Respondent No.1 is wife of Tulsi, who was driver of the offending
vehicle, Respondent No.2 is owner and Respondent No.3 is insurer
of the offending vehicle.
2. As per the claim petition, on 21.1.2011, due to rash and negligent
driving of vehicle tipper bearing registration No.CG 18 H 0957 by
deceased Tulsi, husband of Respondent No.1, the tipper turned
turtle, as a result of which Jagbandhu Sana, who was sitting in the
tipper died on the spot. Claimants, i.e., wife and children of
deceased Jagbandhu Sana filed a claim petition under Section 166
of the Motor Vehicles Act against the Respondents for
compensation of Rs.16,60,000. It was the pleadings of the
claimants that on the date of accident, deceased Jagbandhu Sana
was engaged in the said vehicle as a labour/conductor and was
returning in the said vehicle after loading sand in it.
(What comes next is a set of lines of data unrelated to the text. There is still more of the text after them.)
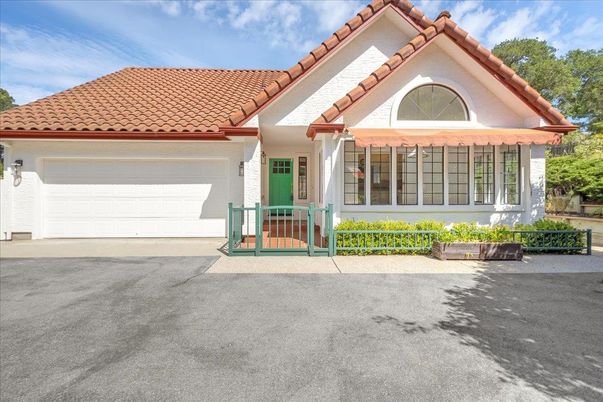 Attached, Exterior, Facade, Spanish Mediterranean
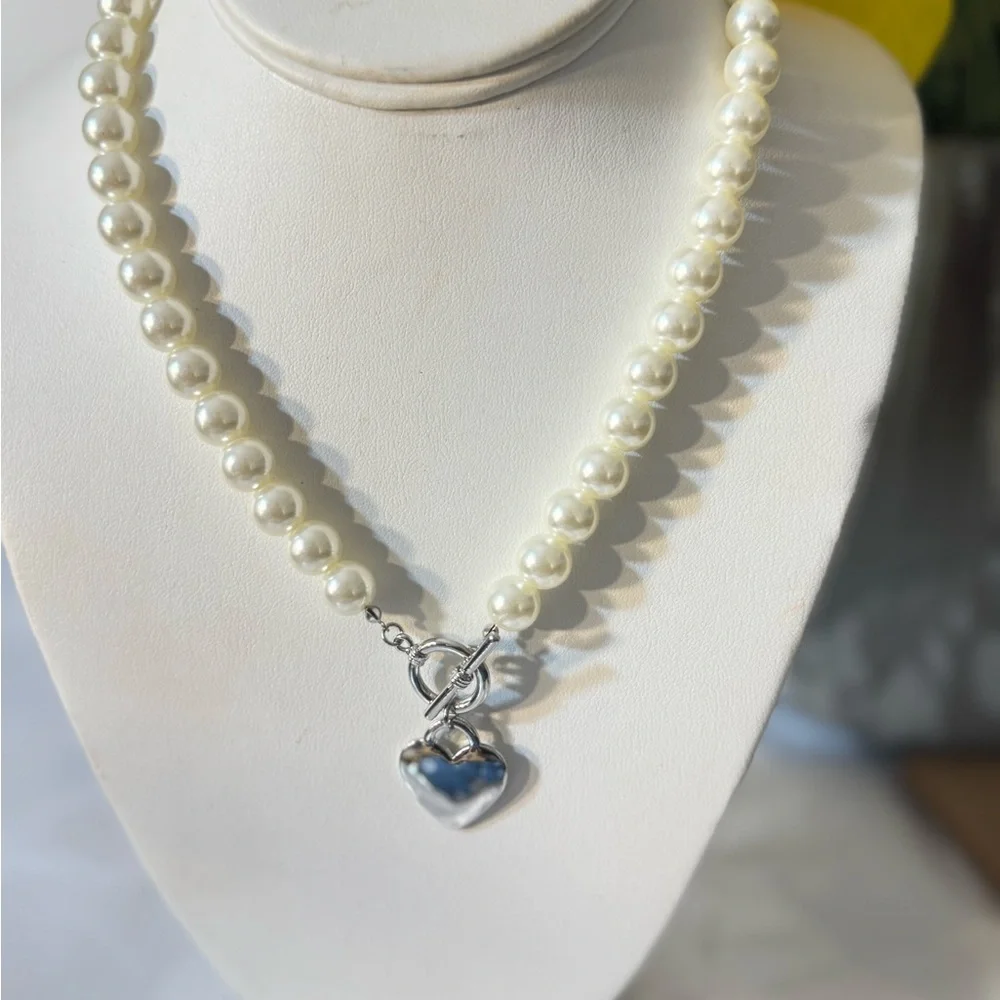 BLACK CLOVER NECKLACE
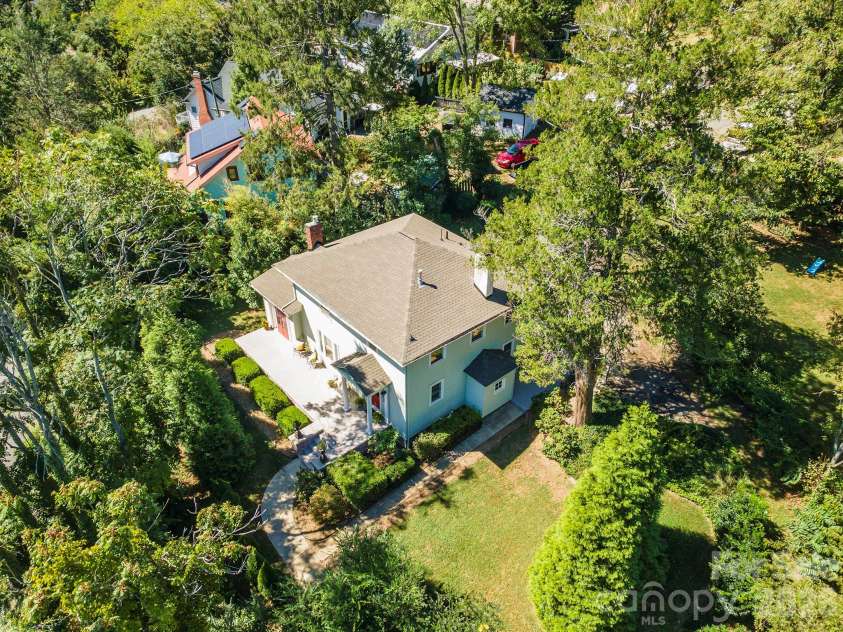 710 Merrimon Avenue, Asheville, NC 28804.  MLS# CAR4430007, YatesRealty ID 54201. 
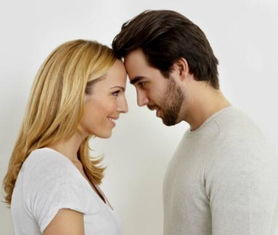 八字如何判断男性命格中婚外情导致离婚的风险？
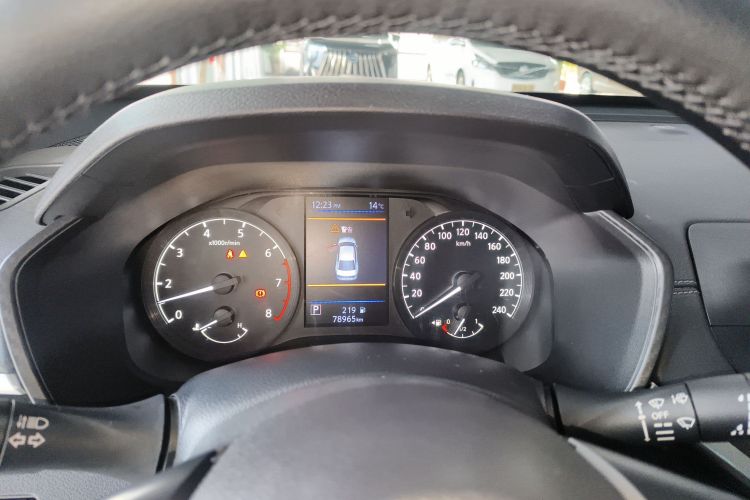 日产 天籁 2020款 2.0L XL 舒适版中控内饰14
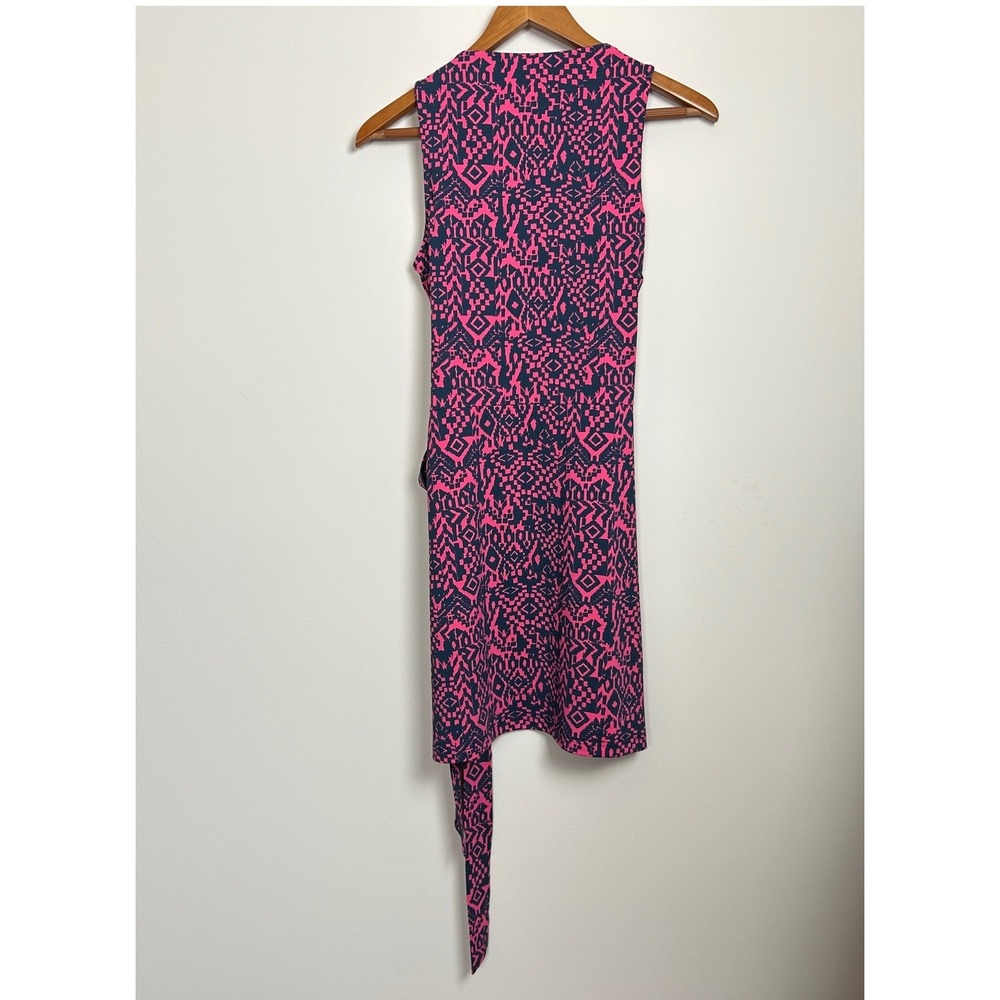 Ellie Kai Pink Navy Geometric Ikat Print VNeck Sleeveless Tie Waist Dress Size 4 - Picture 2 of 11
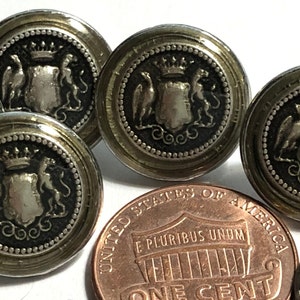 Set of 7 Vintage Silver Tone Metal Shank Buttons Heraldic Crest Crown Eagle Under VERY VERY Slight Clear Resin Dome 15mm Almost 5/8&quot; 12393
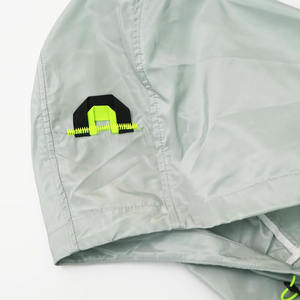 Chaquetas de Nailon Ligeras Sublimadas Personalizadas de Alta Demanda, Chaquetas Impermeables con Capucha, Servicio OEM por Fabricante - Product Image 3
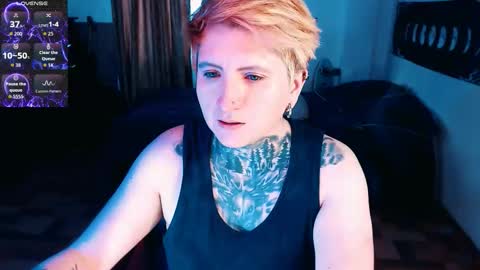 Snapshot of ftmblueyes chatting on 11-14-25, 09:57 HEHIM online show from 11-14-25, 09:57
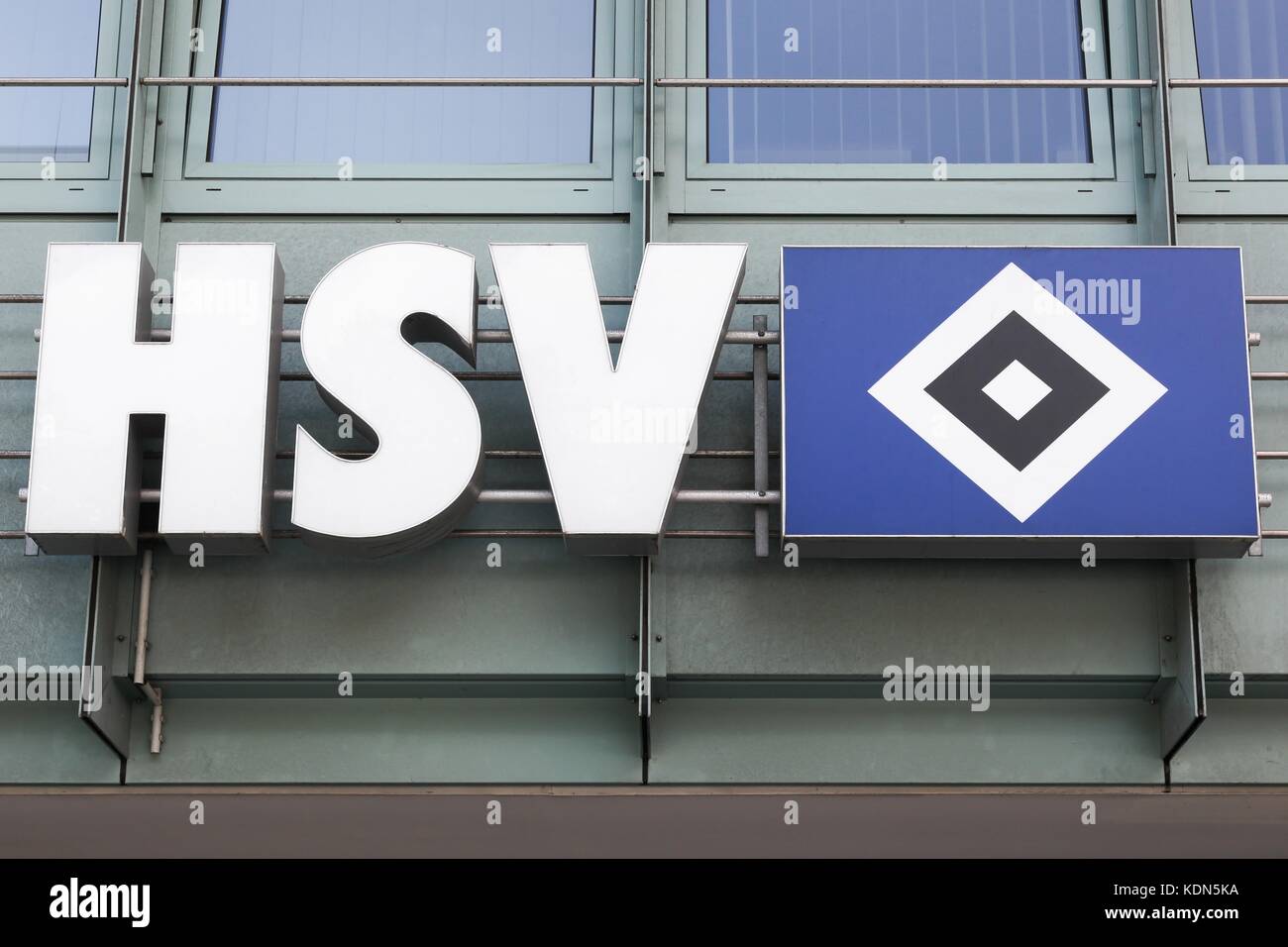 Hambourg, Allemagne - 21 juillet 2017 : hamburger sv logo sur un mur. hamburger sv est un club sportif allemand basé à Hambourg, Allemagne Banque D'Images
Due to the
accident of the said vehicle, he died. At the time of accident, he
was engaged as a labour by the owner of the said vehicle and was
getting Rs.5,000 per month. The driver of the said vehicle was
having a valid and effective driving licence and the vehicle was also
insured with Respondent No.3/insurance company.
3. Respondents No.1 and 2 opposed the claim petition. It was
pleaded by them that as the vehicle was insured with Respondent
No.3/insurance company and the driver was having a valid and
effective driving licence, therefore, if any liability arises for
compensation it should be fastened on the insurance company.
4. Respondent No.3/insurance company pleaded that deceased
Jagbandhu Sana was not working as a labour of the
owner/Respondent No.2 and was travelling as a passenger in the
vehicle in question. The insured vehicle was a goods carrying
commercial vehicle in which the deceased was sitting as a
passenger and, therefore, there was a breach of the insurance
policy and thus the insurance company is not liable for any
compensation.
5. After recording evidence and hearing the parties, the Tribunal
awarded Rs.4,33,000 along with interest against Respondents No.1
and 2 only. Respondent No.3/insurance company is exonerated to
pay the compensation on the ground that the deceased was
travelling as a passenger in the goods vehicle and, therefore, there
was a breach of the insurance policy. Hence, this appeal by the
claimants.
6. With regard to quantum of compensation, Learned Counsel
appearing for the Appellants/claimants submits that the Tribunal
has wrongly held that the monthly income of the deceased was not
more than Rs.3,000. The claimants have duly proved monthly
income of the deceased to be Rs.5,000. It is further argued that the
Tribunal has also not awarded any amount towards future
prospects. Referring to (2017) 16 SCC 680 (National Insurance
Company Limited v. Pranay Sethi), it is argued that future
prospects of the deceased should be 40% of his established
income. It is further argued that the Tribunal has only granted
Rs.20,000 under the head of consortium and Rs.5,000 under the
head of funeral expenses, which should be suitably enhanced
according to the principles laid down by the Supreme Court in
Pranay Sethi case (supra). With regard to liability, it is argued that
since the offending vehicle was insured with the insurance
company and the driver of the offending vehicle was having a valid
and effective driving licence, the insurance company is liable for
compensation. From the evidence adduced by the
Appellants/claimants, it is well established that at the time of
accident, the deceased was working as a labour/conductor in the
offending vehicle and was travelling in the said vehicle in the same
capacity. Therefore, there was no breach of the insurance policy.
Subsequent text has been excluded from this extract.